Moscou : « les dirigeants d’Erevan commettent une grave erreur »

Actualité
26.09.2023

En milieu d'après-midi le 25 septembre, le ministère russe des Affaires étrangères a vertement répondu aux déclarations du Premier ministre sur les conséquences des évènements du Karabagh.

 

« La responsabilité d'une telle évolution des événements incombera entièrement à l'Azerbaïdjan, qui a adopté une politique de nettoyage ethnique, ainsi qu'aux troupes de maintien de la paix de la Fédération de Russie au Haut-Karabagh », déclarait dimanche Nikol Pashinyan alors qu'il revenait sur la ratification du traité de Rome et justifiait la nécessité pour l'Arménie de diversifier sa recherche d'alliés en matière de sécurité nationale. Le Premier ministre réagissait aussi aux propos d'Evgueni Fedorov, député à la Douma d'État russe, qui lui-même ne déclarait rien de moins, au lendemain de l'agression azérie sur le Karabagh : « nous rétablirons le contrôle de ce territoire. Erevan reviendra à la position de notre réalité historique. Autrement dit, ce sera un position de gouvernorat ou autre chose ».

« L’analyse des événements montre que les systèmes de sécurité et les alliés sur lesquels nous comptons depuis de nombreuses années se sont fixé pour tâche de montrer nos vulnérabilités et de justifier l’impossibilité pour le peuple arménien d’avoir un État indépendant. », s'est insurgé Nikol Pashinyan, ajoutant : «Nous appelons la communauté internationale à exprimer son soutien indéfectible à l'indépendance, à la souveraineté, à l'intégrité territoriale et à la démocratie de l'Arménie. Nous prendrons toutes les mesures pour protéger notre indépendance. À cet égard, il est nécessaire de transformer, compléter et enrichir les outils de sécurité extérieure et intérieure de la République d'Arménie, en coopérant avec tous les partenaires prêts à prendre des mesures mutuellement bénéfiques ».

La réaction officielle de Moscou est tombée hier en milieu d'après-midi, brutale et défiante, s'en prenant directement au chef de l'État arménien.

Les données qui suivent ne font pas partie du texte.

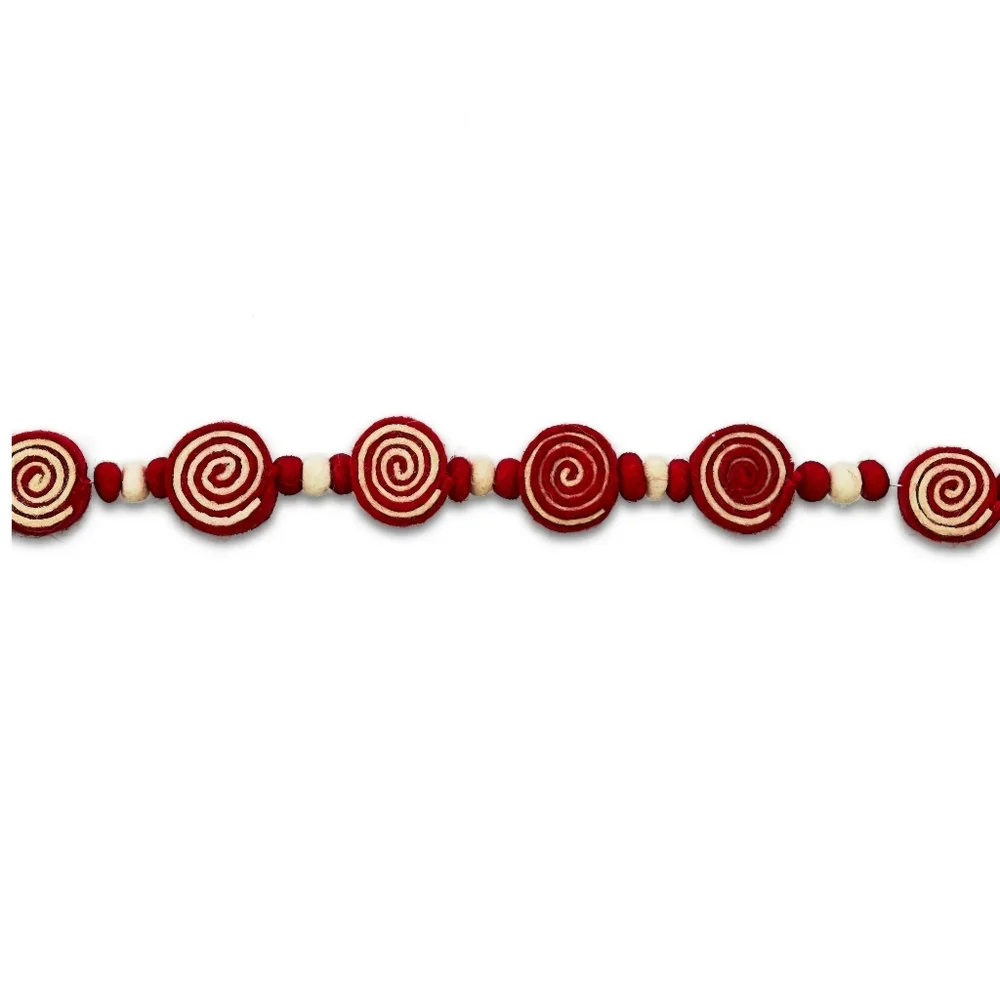 Set of 2 Peppermint Candy Christmas Felted Wool Garland 6 foot each Holiday Time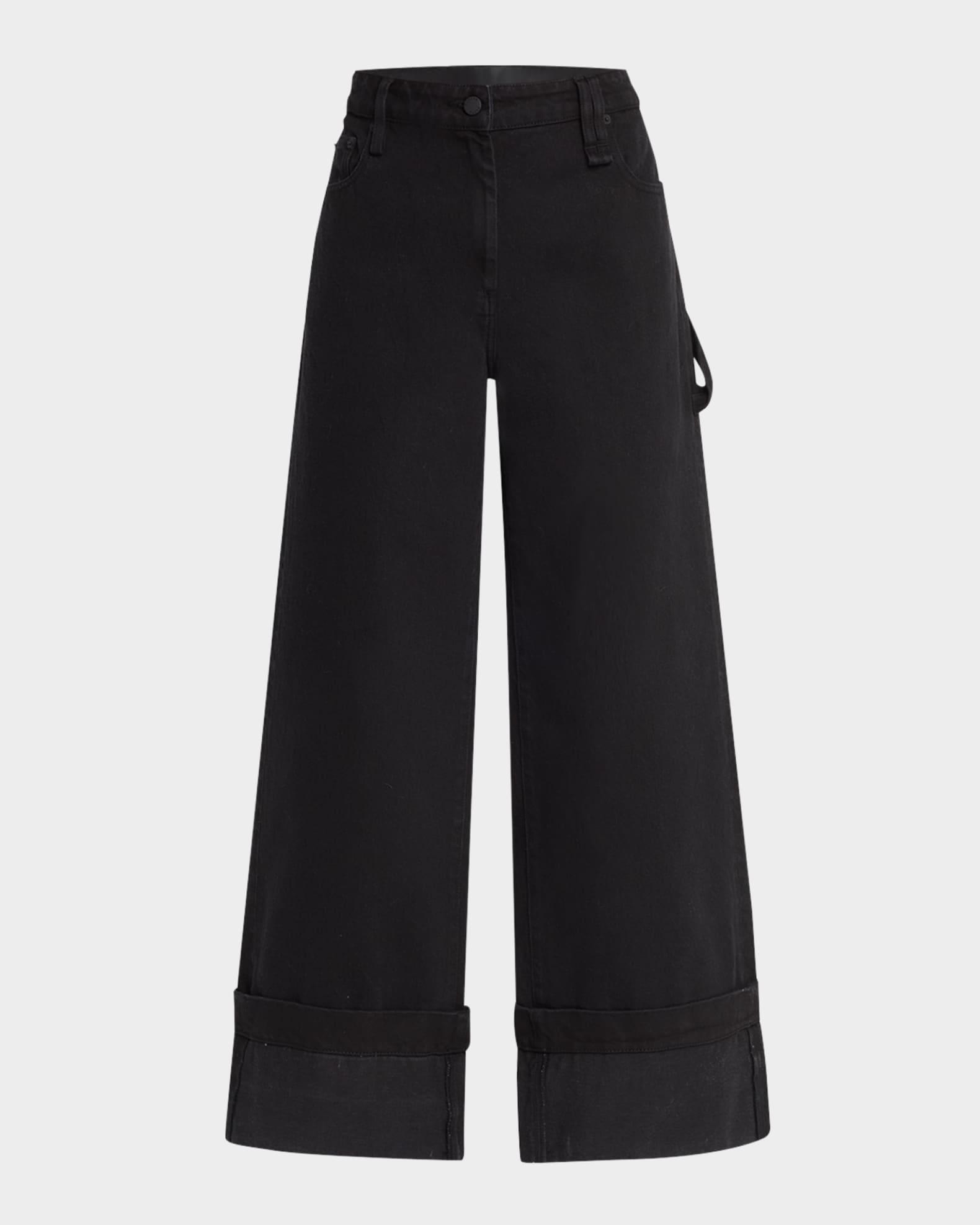 Straight-Leg Cuffed Boyfriend Jeans Product Image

« L'allocution du Premier ministre de la République d'Arménie Nikol Pashinyan sur l'indépendance du 24 septembre 2023 contient des attaques inacceptables contre la Russie et ne peut que provoquer le rejet. Il s’agit d'une tentative de se dégager de sa responsabilité des échecs de la politique intérieure et étrangère, en rejetant la faute sur Moscou. Les dernières déclarations de Nikol Pashinyan confirment nos conclusions antérieures selon lesquelles les processus inspirés par l'Occident et soutenus par Erevan, destructeurs pour notre propre pays et nos relations alliées, ne sont pas de nature épisodique, mais systémique.

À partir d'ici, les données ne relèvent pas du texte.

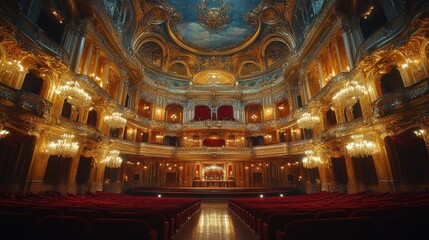 Fototapeta premium Grand theater interior with ornate architecture and chandeliers.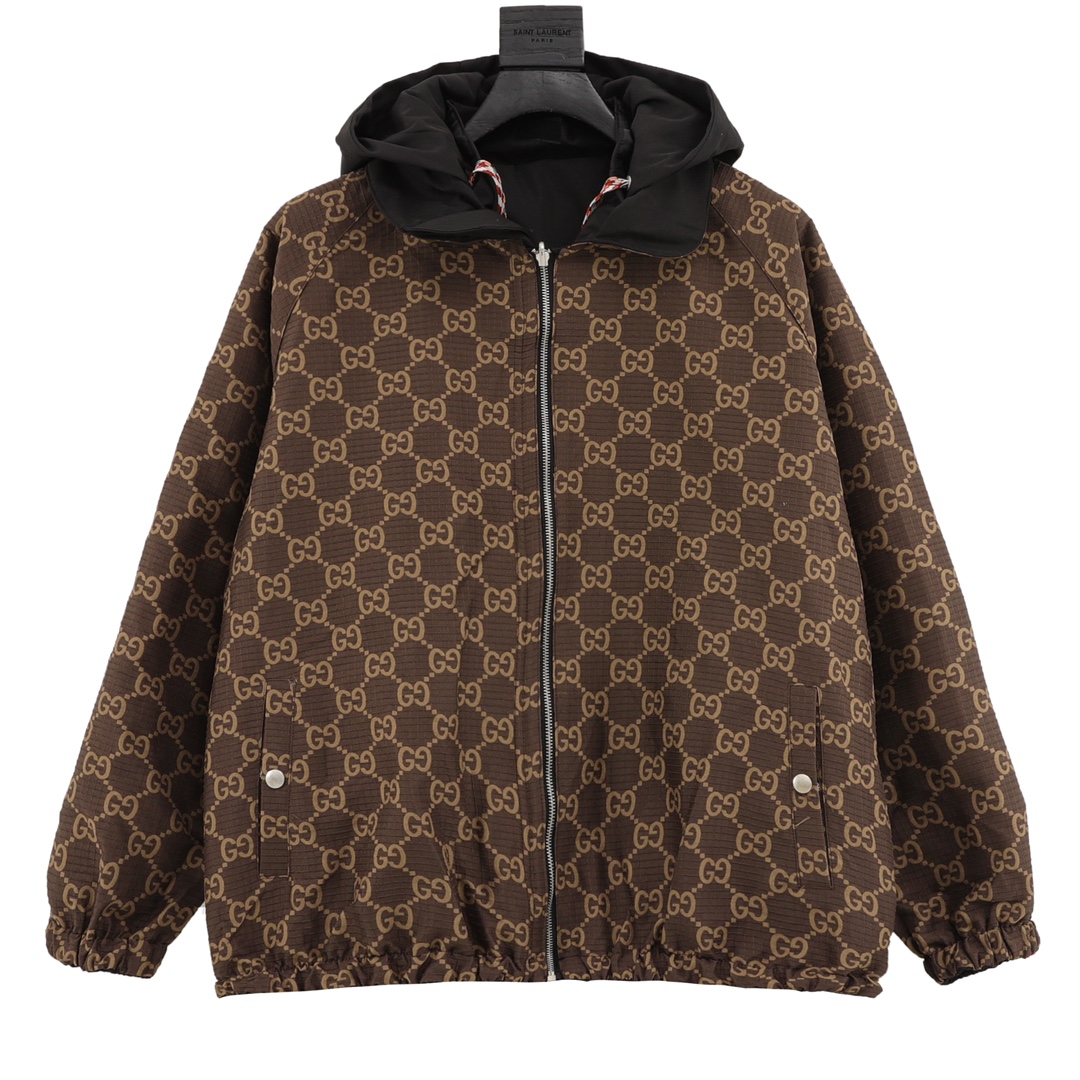 GUCCI/Gucci chaqueta de doble faz con cremallera y logotipo doble G. Forro interior de tejido jacquard personalizado, c…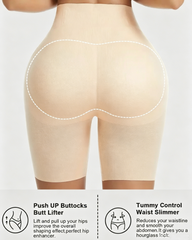 Seamless Padded Butt Lifter Shorts with Tummy Control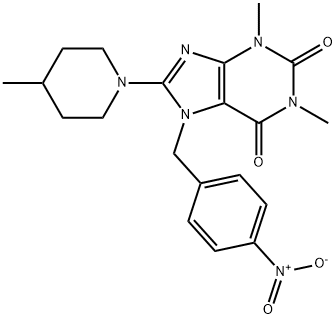 7-{4-nitrobenzyl}-1,3-dimethyl-8-(4-methyl-1-piperidinyl)-3,7-dihydro-1H-purine-2,6-dione Struktur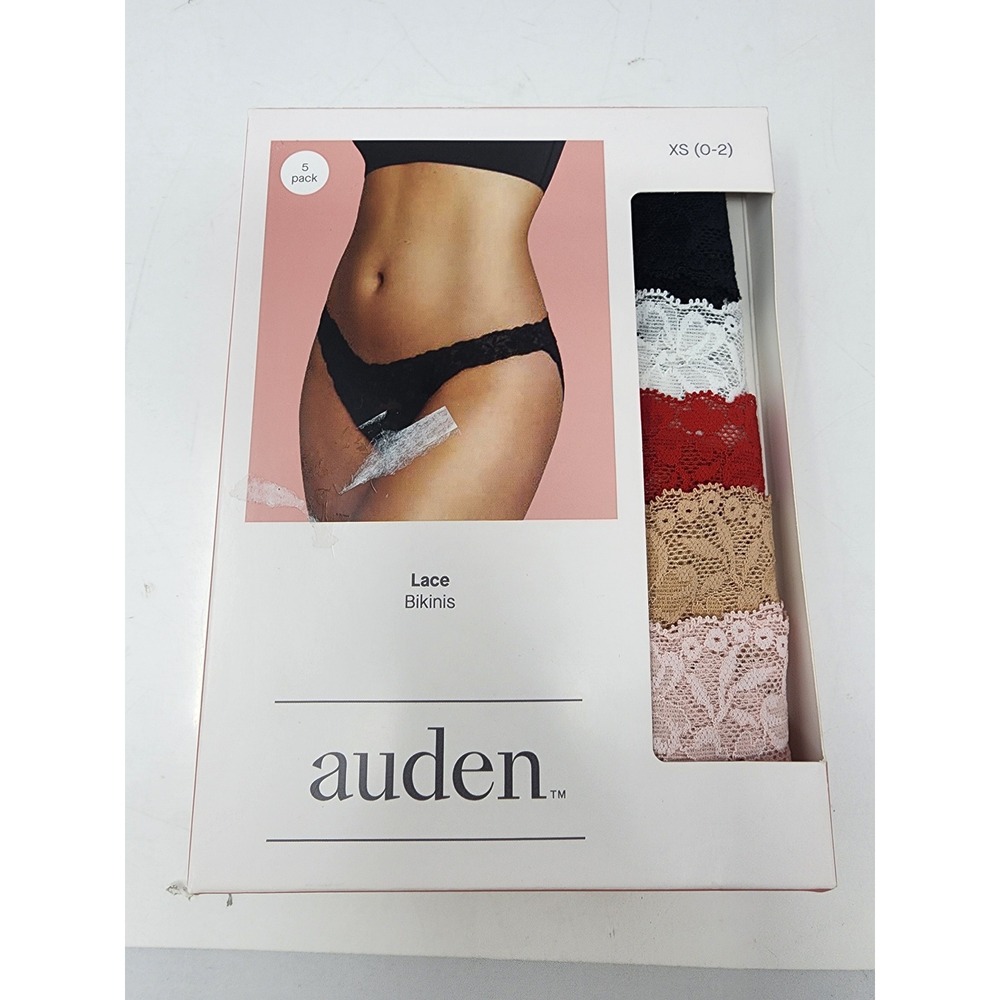 Auden Womens Lace Bikinis‎ Multicolor Nylon Blend 5 Pack Casual Size XS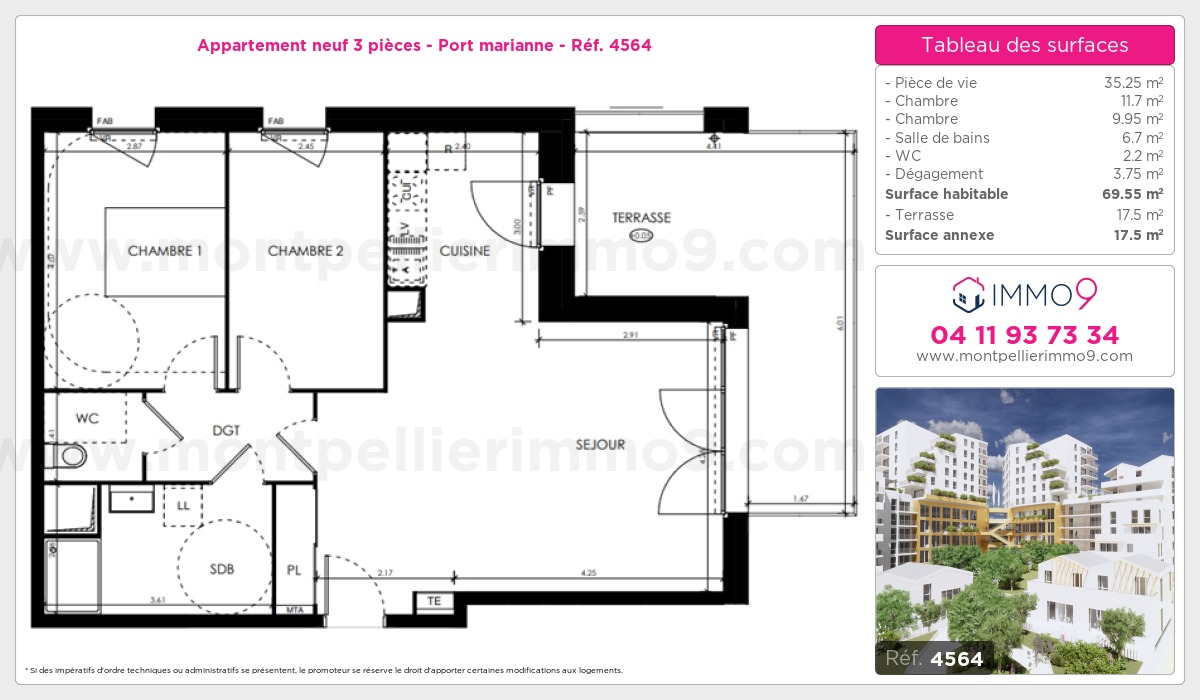 Plan et surfaces, Programme neuf Montpellier : Port marianne Référence n° 4564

Le chef du gouvernement a en effet admis que pendant tout ce temps la république se préparait délibérément à se détourner de la Russie. Les démarches, destinées à établir un nouveau vecteur – occidental – pour le développement de l’Arménie, sont justifiées de manière peu convaincante par de prétendues erreurs de la part de la Fédération de Russie et de l’OTSC. Dans le même temps, on oublie que nos États ont des intérêts largement similaires en matière de sécurité et de développement, et que les États-Unis et d'autres pays de l'Otan se sont fixés pour objectif non seulement d'infliger des dommages stratégiques à la Russie, mais aussi de déstabiliser notre espace eurasien commun.

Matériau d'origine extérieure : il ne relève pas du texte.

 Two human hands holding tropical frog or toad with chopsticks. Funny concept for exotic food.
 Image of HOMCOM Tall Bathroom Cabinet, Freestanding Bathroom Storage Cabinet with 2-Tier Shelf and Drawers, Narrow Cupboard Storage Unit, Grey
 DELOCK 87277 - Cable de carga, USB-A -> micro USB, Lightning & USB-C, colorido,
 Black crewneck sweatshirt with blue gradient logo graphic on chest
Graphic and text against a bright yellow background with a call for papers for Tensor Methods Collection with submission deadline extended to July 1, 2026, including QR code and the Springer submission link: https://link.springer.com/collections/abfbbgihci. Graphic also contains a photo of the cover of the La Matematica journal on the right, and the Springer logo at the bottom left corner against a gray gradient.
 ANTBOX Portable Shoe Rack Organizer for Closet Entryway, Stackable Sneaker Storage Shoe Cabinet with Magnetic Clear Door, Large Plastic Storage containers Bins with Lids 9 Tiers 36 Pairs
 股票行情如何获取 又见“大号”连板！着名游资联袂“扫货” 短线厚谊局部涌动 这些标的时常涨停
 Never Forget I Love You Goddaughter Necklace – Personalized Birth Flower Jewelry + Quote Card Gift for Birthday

La Russie respectait toujours ses obligations alliées, respectait l’État arménien et n’a jamais placé la république devant un choix: avec nous ou contre nous. Moscou aidait et continue de fournir une aide à grande échelle à l'Arménie fraternelle dans les domaines de la sécurité, de l'économie et de la culture. En automne 2020, les efforts de la Fédération de Russie et du Président Vladimir Poutine en personne ont permis d’empêcher la défaite totale de l’Arménie. Si Nikol Pashinyan avait accepté une trêve quelques semaines plus tôt, la défaite aurait été moins grave. Enfin, l'activité courageuse des casques bleus russes au Haut-Karabakh, parfois au prix de leur propre vie, est une confirmation directe de l'engagement de la Russie à remplir sa mission extrêmement difficile dans l'intérêt de l'instauration de la paix entre les peuples azerbaïdjanais et arméniens, dont Nikol Pashinyan a choisi de garder le silence.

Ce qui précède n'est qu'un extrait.